June 21 2016
When planning her honeymoon, Elizabeth Heidal was able to get one step further to her goal of racing in every state.
Sometimes I find myself in the final miles of a hard run wondering if I have what it takes to finish. In those moments I often think about everything that’s going wrong, whether it’s miscalculated nutrition or missed pace goals. I can be very hard on myself, getting wrapped up in perceived failure instead of being thankful for every run because I CAN RUN. Until recently, when I met a runner who changed my perspective and challenged me to be grateful for every chance to push my body.
Meet Kristin McQueen. She’s a 34 year-old, 17-time marathoner who has endured 15 surgeries on her neck and brain and two rounds of radiation to fight metatastic thyroid cancer over the past 10 years. Read Kristin’s story and find out why she’s my inspiration:
Women’s Running: How would you describe yourself?

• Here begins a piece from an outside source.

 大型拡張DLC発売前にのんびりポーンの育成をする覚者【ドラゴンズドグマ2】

Kristin: I’m 34 and live in Naperville, IL. I have my doctorate in Physical Therapy and work in Chicago in the outpatient setting, treating many runners and triathletes.

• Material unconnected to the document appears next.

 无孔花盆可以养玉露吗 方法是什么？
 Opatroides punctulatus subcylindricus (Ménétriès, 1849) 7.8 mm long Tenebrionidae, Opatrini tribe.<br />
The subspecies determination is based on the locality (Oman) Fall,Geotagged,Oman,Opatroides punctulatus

WR: How did you begin running?
K: I actually used to hate running but I started while in college. I was a basketball player since age 10 and missed having that athletic outlet. It took me a good year to actually like running though. It didn’t click for me until I got lost one day and wound up going twice as far as I planned. I was forced to pace myself so I could make it home and that’s when I felt the infamous runner’s high. My endurance habit was born and to this day I still don’t particularly enjoy short distances.
WR: When were you diagnosed with cancer and with what kind?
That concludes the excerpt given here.